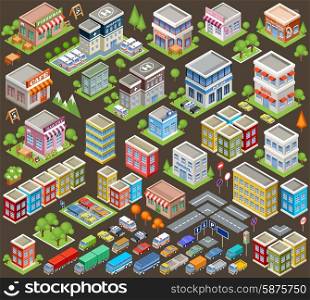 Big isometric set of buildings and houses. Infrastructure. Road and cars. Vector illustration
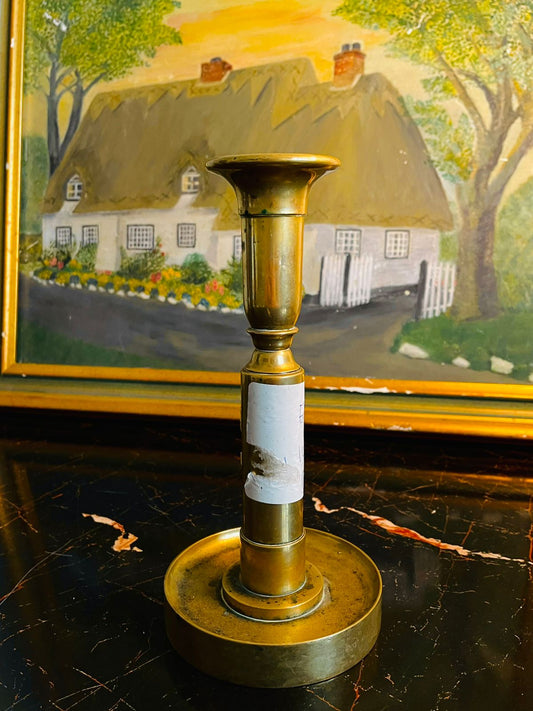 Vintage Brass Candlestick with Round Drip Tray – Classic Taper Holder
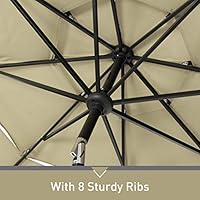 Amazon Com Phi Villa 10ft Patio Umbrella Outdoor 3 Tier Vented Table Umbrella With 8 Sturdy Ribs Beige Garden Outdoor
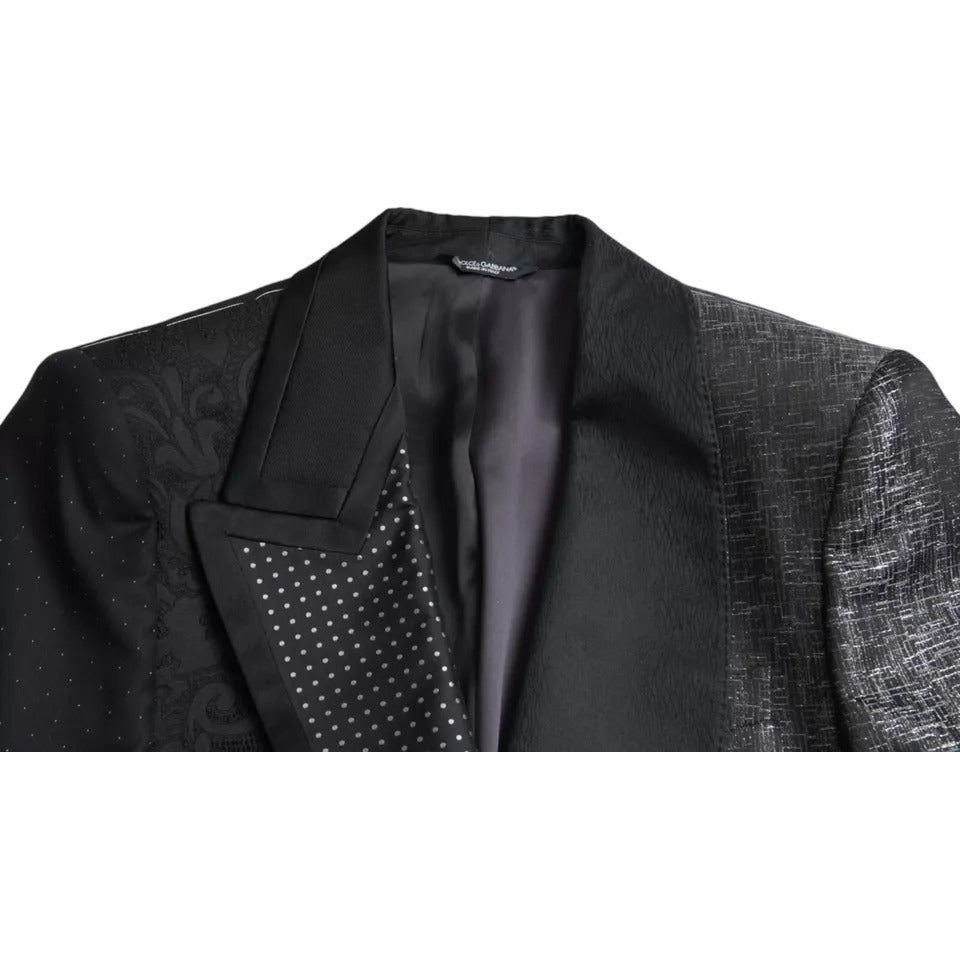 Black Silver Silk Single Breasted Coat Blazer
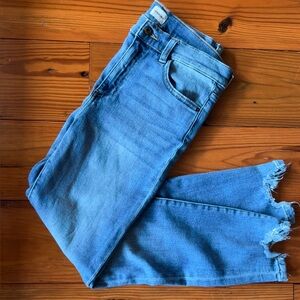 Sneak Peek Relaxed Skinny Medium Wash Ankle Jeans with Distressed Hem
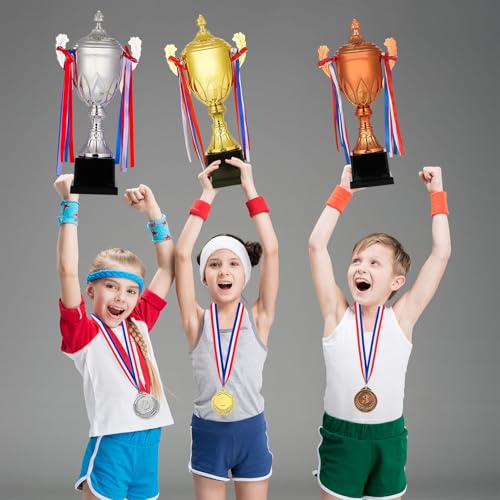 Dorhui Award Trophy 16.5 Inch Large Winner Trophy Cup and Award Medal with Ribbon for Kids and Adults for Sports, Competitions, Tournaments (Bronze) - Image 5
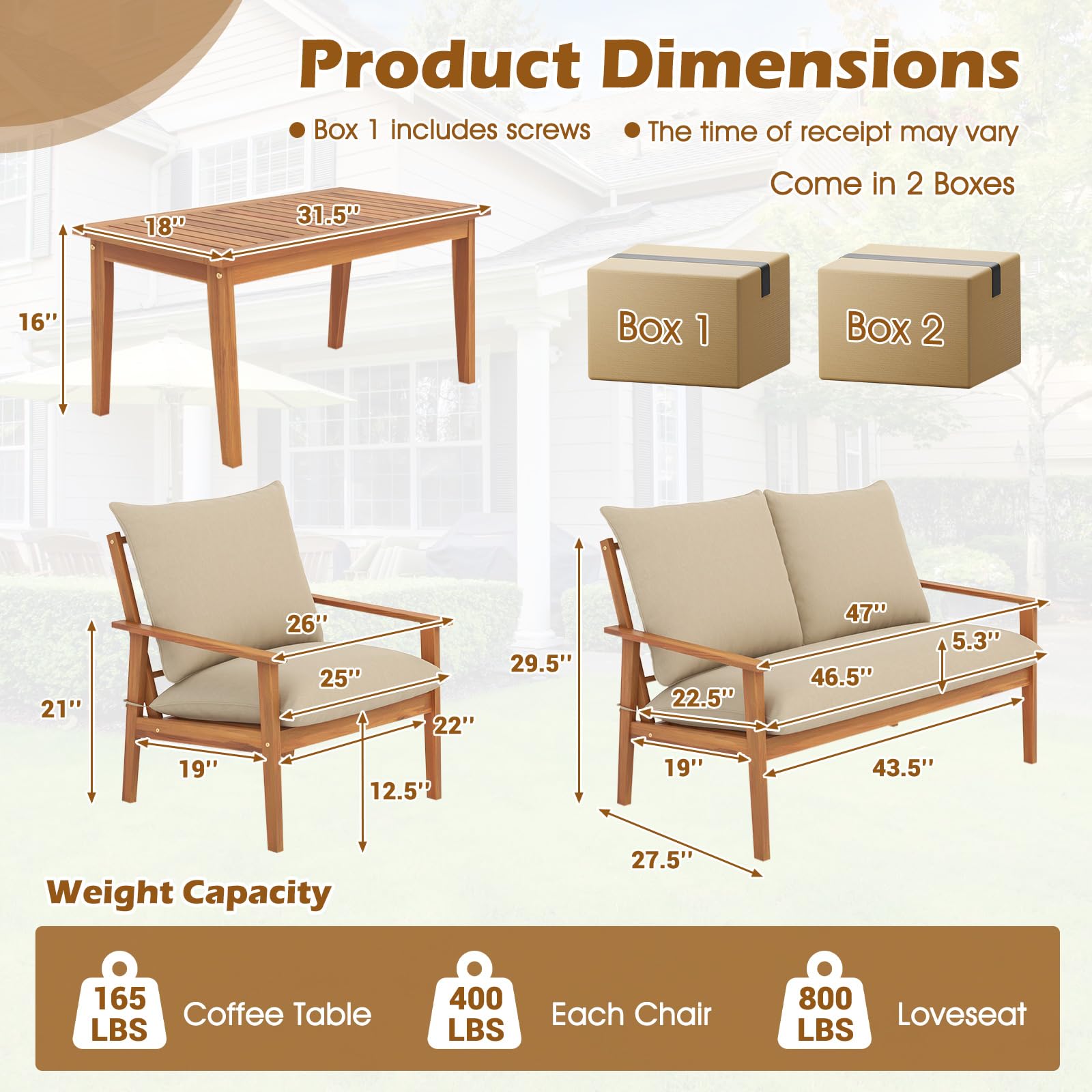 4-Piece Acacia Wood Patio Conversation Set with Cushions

--

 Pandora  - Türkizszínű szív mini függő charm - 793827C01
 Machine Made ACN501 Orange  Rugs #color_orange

## What you have to do
Reproduce the data above exactly, but only from the line containing "Black Silver Silk" through the line containing "4-Piece Acacia Wood". Omit all pictures.

## Response to the task
 Black Silver Silk Single Breasted Coat Blazer
 Sneak Peek Relaxed Skinny Medium Wash Ankle Jeans with Distressed Hem
 Dorhui Award Trophy 16.5 Inch Large Winner Trophy Cup and Award Medal with Ribbon for Kids and Adults for Sports, Competitions, Tournaments (Bronze) - Image 5
 4-Piece Acacia Wood Patio Conversation Set with Cushions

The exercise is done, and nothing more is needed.